I’m having another thesis-related existential crisis (it seems to happen every chapter), though having managed to draw a couple of spider diagrams today I have (for now) decided I know what my thesis is about. This is today though, tomorrow is an entirely different day and I may well have forgotten the point of it by then. I’m getting quite frustrated with it – the stuff I’m writing for journals etc feels like it’s so much better than the stuff I’m writing for the thesis. It’ll be good when it’s all over! By the way, if anyone is in a praying/good vibes/candle-lighting/etc mood, next week a decision will be made about whether or not I can have an extension. I’m working on the assumption that it shouldn’t be a problem (according to my department) but until I hear for sure I will remain a bit anxious about it. If I don’t get it I am, to put it mildly, screwed. If I do get it, then I will feel much less stressed about taking time out to apply for jobs (I’ve got a few applications which need to be in in the next week or so).
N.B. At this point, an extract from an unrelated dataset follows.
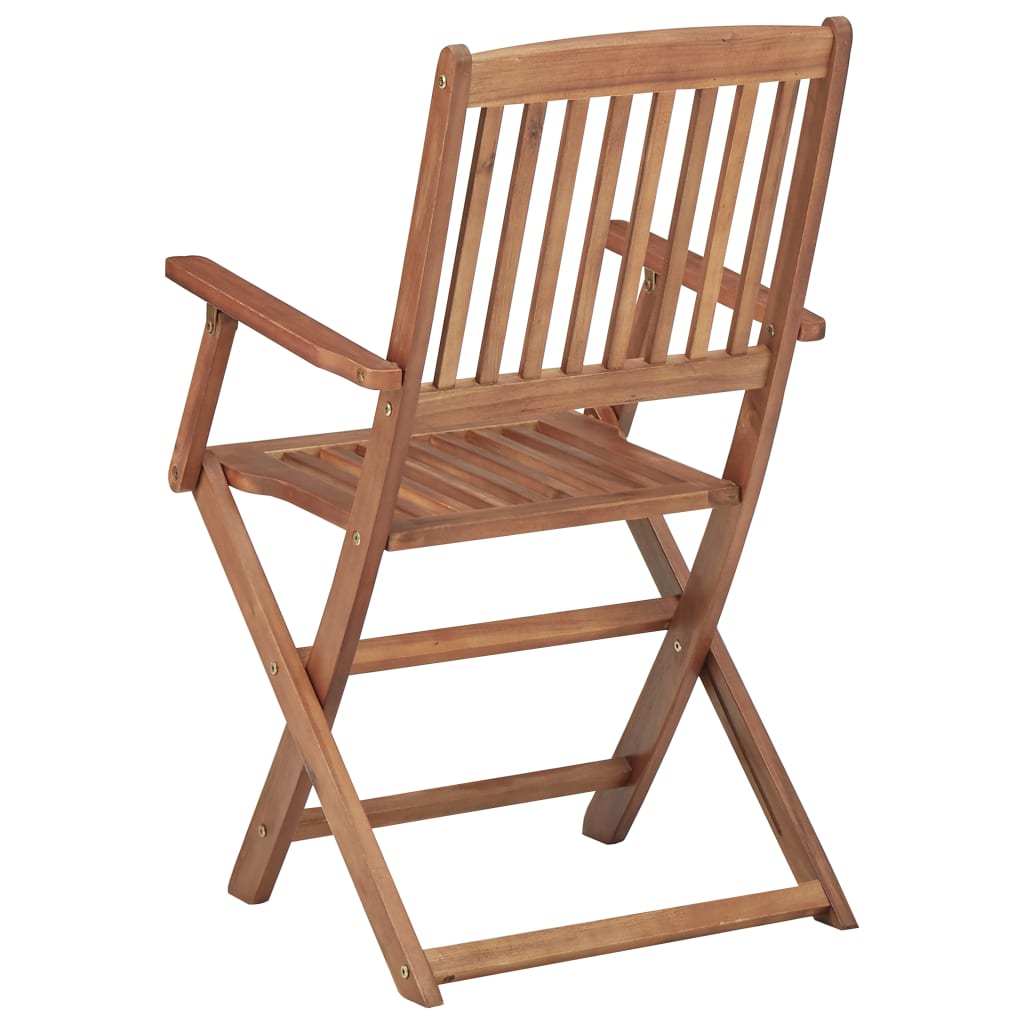 Tj maxx deals outdoor chairs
Ooh, good (ish) news – I have an interview in a couple of weeks for one of the Open Uni courses I applied to tutor on. As I understand it it’s pretty competitive, but it would be good experience if I could get it. I’ve also (at last) completed my nursing study hours (did I tell you that already, I can’t remember. Actually I think I probably did) so am just waiting for my friend to send the reference back and then I can see about getting some nursing work. Unfortunately I discovered the other day that the nurse bank for Greater Glasgow isn’t recruiting for community nurses at all, but just for certain acute specialities (that I don’t have any experience in, or any desire to work in), which got me a bit despondent, but I’m thinking instead about applying to NHS24 (the Scotland equivalent of NHS Direct south of the border – it’s a nurse-led phone service). Not that I’m desperate to do that either, but it could be something to keep me going for a while till something more suitable turns up.

Tomorrow we are treating ourselves, as what with poorly cars and writers’ block and no jobs etc we could do with a treat, and are going to the Dr Who exhibition at the Kelvingrove Museum. Can’t wait! (will take photos, unsurprisingly).